Classification (also known as classification trees or decision trees) is a data mining algorithm that creates a step-by-step guide for how to determine the output of a new data instance. The tree it creates is exactly that: a tree whereby each node in the tree represents a spot where a decision must be made based on the input, and you move to the next node and the next until you reach a leaf that tells you the predicted output. Sounds confusing, but it's really quite straightforward. Let's look at an example.
Listing 1. Simple classification tree
[ Will You Read This Section? ] / \ Yes No / \ [Will You Understand It?] [Won't Learn It] / \ Yes No / \ [Will Learn It] [Won't Learn It] |
This simple classification tree seeks to answer the question "Will you understand classification trees?" At each node, you answer the question and move on that branch, until you reach a leaf that answers yes or no. This model can be used for any unknown data instance, and you are able to predict whether this unknown data instance will learn classification trees by asking them only two simple questions. That's seemingly the big advantage of a classification tree — it doesn't require a lot of information about the data to create a tree that could be very accurate and very informative.
One important concept of the classification tree is similar to what we saw in the regression model from Part 1: the concept of using a "training set" to produce the model.
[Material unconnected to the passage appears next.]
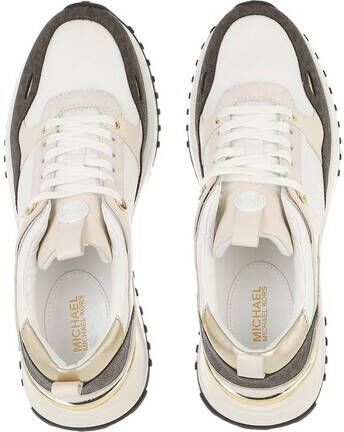 Michael Kors Stijlvolle Sneakers voor Dagelijks Gebruik Multicolor Dames - Foto 3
This takes a data set with known output values and uses this data set to build our model. Then, whenever we have a new data point, with an unknown output value, we put it through the model and produce our expected output. This is all the same as we saw in the regression model. However, this type of model takes it one step further, and it is common practice to take an entire training set and divide it into two parts: take about 60-80 percent of the data and put it into our training set, which we will use to create the model; then take the remaining data and put it into a test set, which we'll use immediately after creating the model to test the accuracy of our model.
Why is this extra step important in this model? The problem is called overfitting: If we supply too much data into our model creation, the model will actually be created perfectly, but just for that data. Remember: We want to use the model to predict future unknowns; we don't want the model to perfectly predict values we already know. This is why we create a test set. After we create the model, we check to ensure that the accuracy of the model we built doesn't decrease with the test set. This ensures that our model will accurately predict future unknown values. We'll see this in action using WEKA.
This brings up another one of the important concepts of classification trees: the notion of pruning. Pruning, like the name implies, involves removing branches of the classification tree. Why would someone want to remove information from the tree? Again, this is due to the concept of overfitting. As the data set grows larger and the number of attributes grows larger, we can create trees that become increasingly complex. Theoretically, there could be a tree with leaves = (rows * attributes)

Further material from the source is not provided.